> _WHAT THE TASK ASKS_:
Having located the line with "ALQUILA: Dpto 1", print it and each remaining line exactly, stopping at the end of the material and omitting pictures.

*** EXTRACTED DATA ***

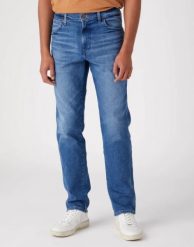 WRANGLER RIVER MĘSKIE SPODNIE JEANSOWE SMOKE SEA W17TYLZ71 112331074. Niebieskie spodnie materiałowe męskie Wrangler, bez wzorów, z jeansu. Za 229.99 zł.
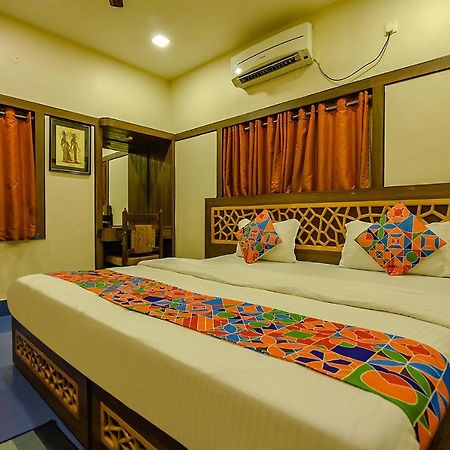 Fabexpress Shivalya Hotel Calcutta Eksteriør billede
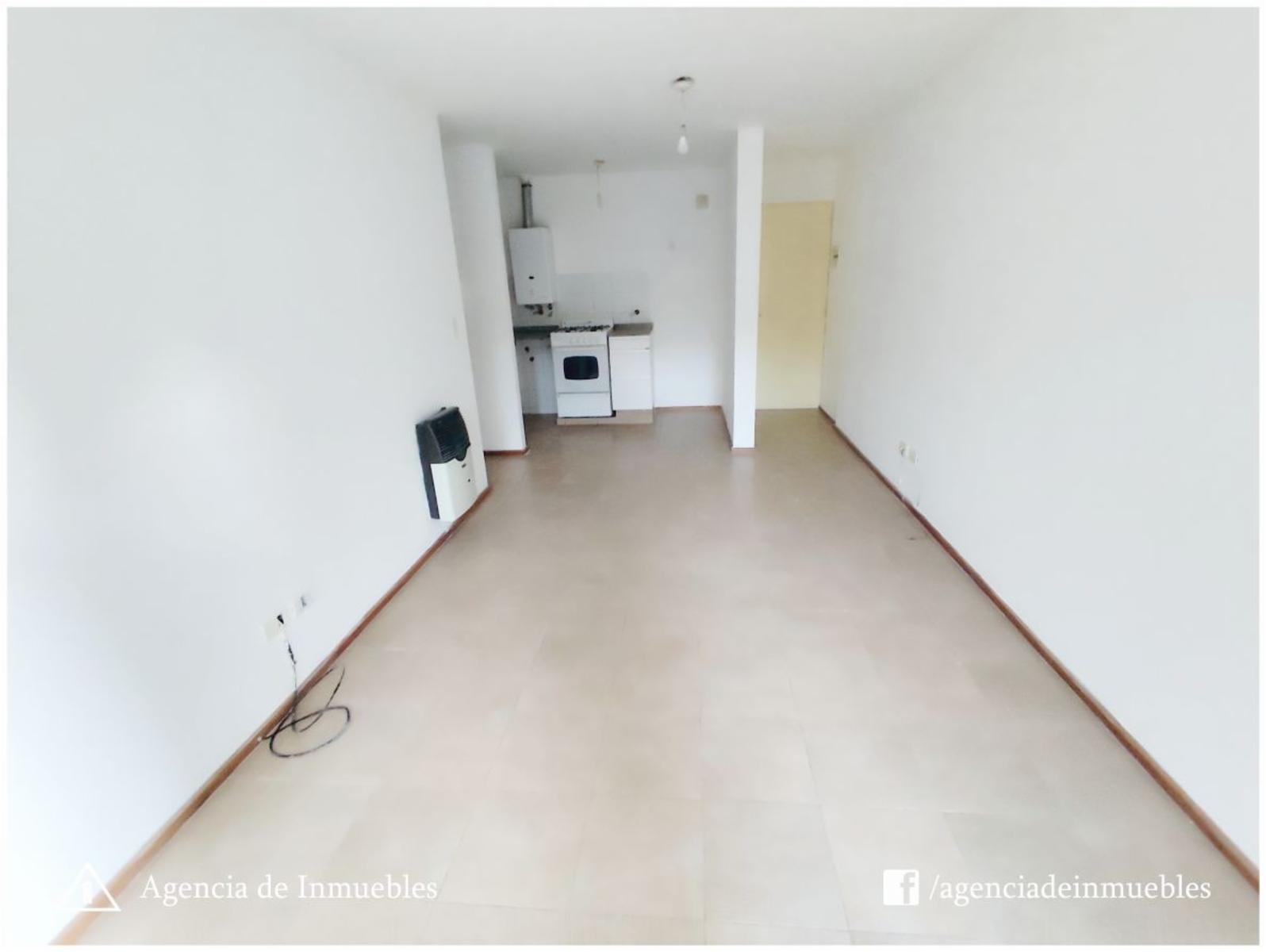 ALQUILA: Dpto 1 Dormitorio, Externo con Balcón / B° General Paz - 2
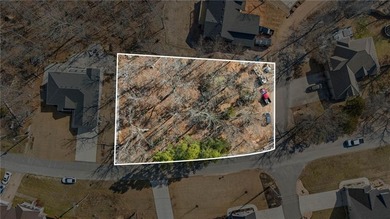 Prime corner lot in beautiful Bella Vista! This property offers on Bella Vista - Metfield Golf Complex and Country Club in Arkansas - for sale on GolfHomes.com, golf home, golf lot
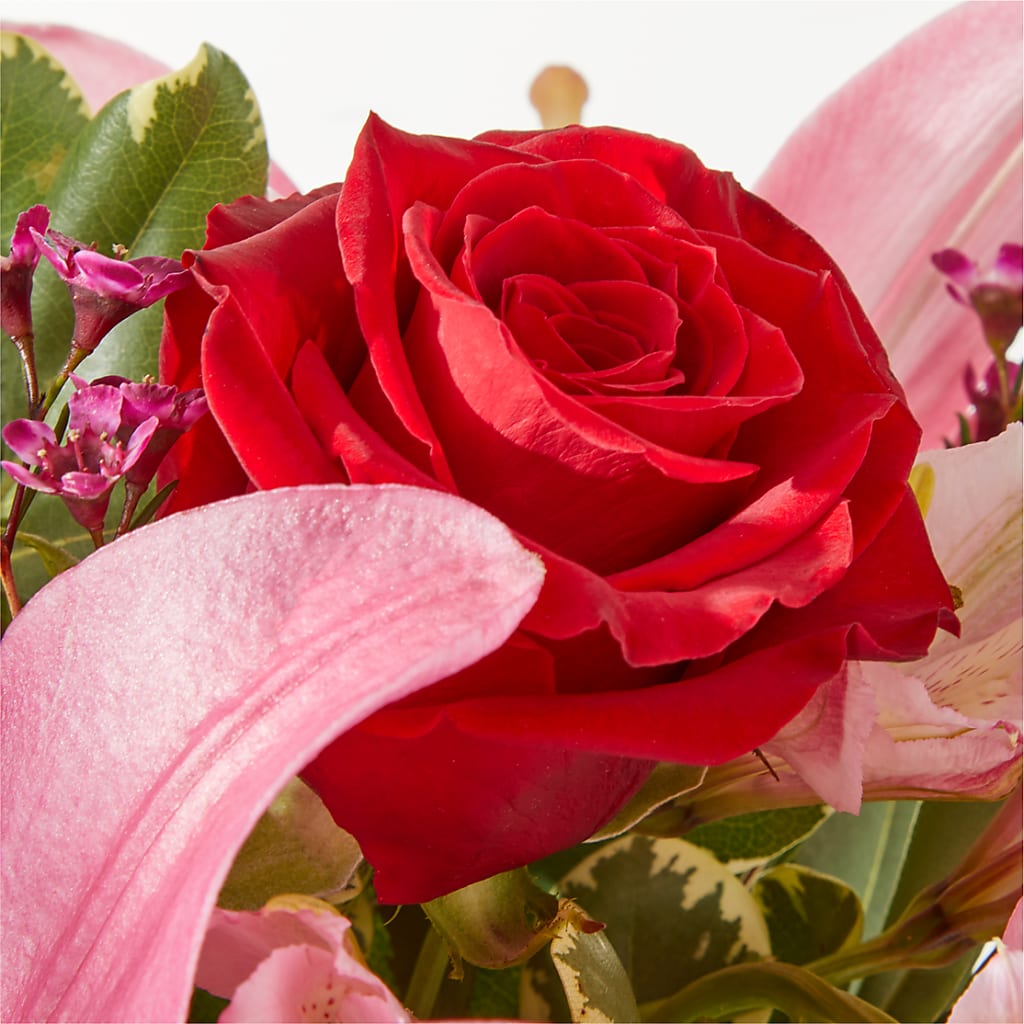 Lucky in Love Bouquet – CARLOS BLOOMS & EVENTS, Garnerville NY
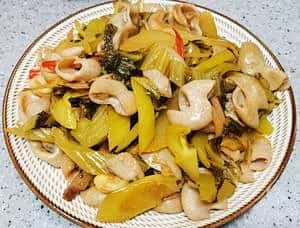 Pickled Cabbage Pork Intestine 酸菜炒大肠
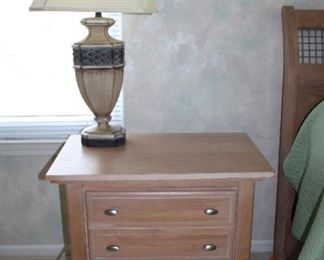 2ND VAUGHAN BASSETT NIGHTSTAND, 2ND LAMP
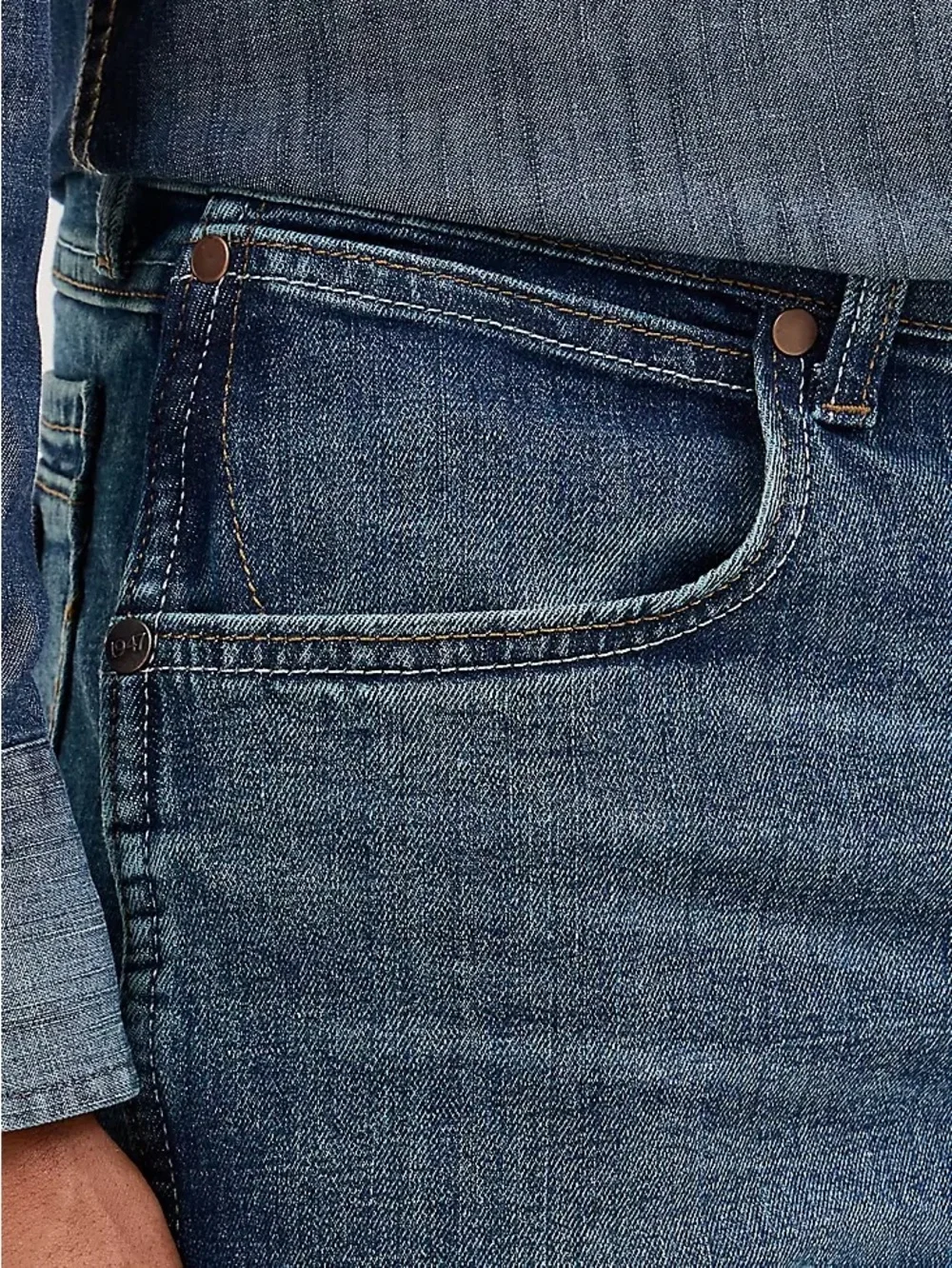 MEN'S WRANGLER RETRO® SLIM FIT STRAIGHT LEG JEAN in Portland medium wash 30/30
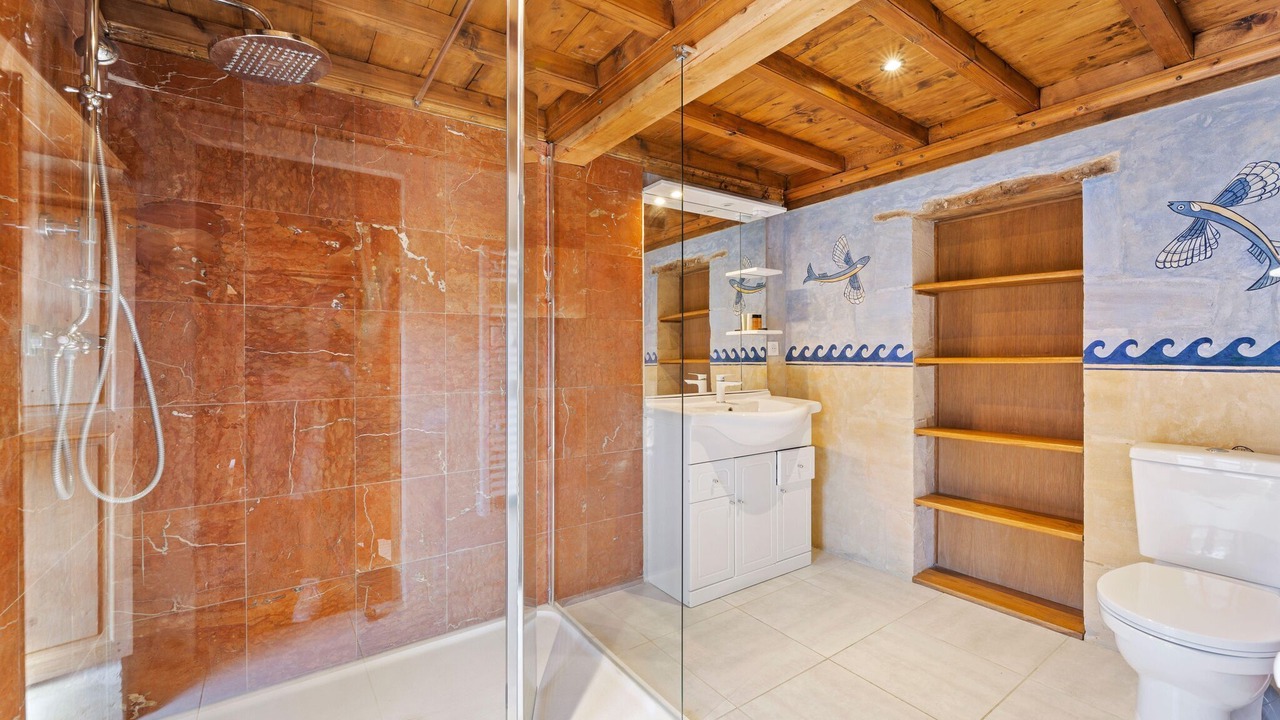 Photo of Bathroom in Saint-Martin-des-Entrees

*** End of EXTRACTED DATA ***

> _RESULT OF THE EXERCISE_:
 ALQUILA: Dpto 1 Dormitorio, Externo con Balcón / B° General Paz - 2
 Prime corner lot in beautiful Bella Vista! This property offers on Bella Vista - Metfield Golf Complex and Country Club in Arkansas - for sale on GolfHomes.com, golf home, golf lot
 Lucky in Love Bouquet – CARLOS BLOOMS & EVENTS, Garnerville NY
 Pickled Cabbage Pork Intestine 酸菜炒大肠
 2ND VAUGHAN BASSETT NIGHTSTAND, 2ND LAMP
 MEN'S WRANGLER RETRO® SLIM FIT STRAIGHT LEG JEAN in Portland medium wash 30/30
 Photo of Bathroom in Saint-Martin-des-Entrees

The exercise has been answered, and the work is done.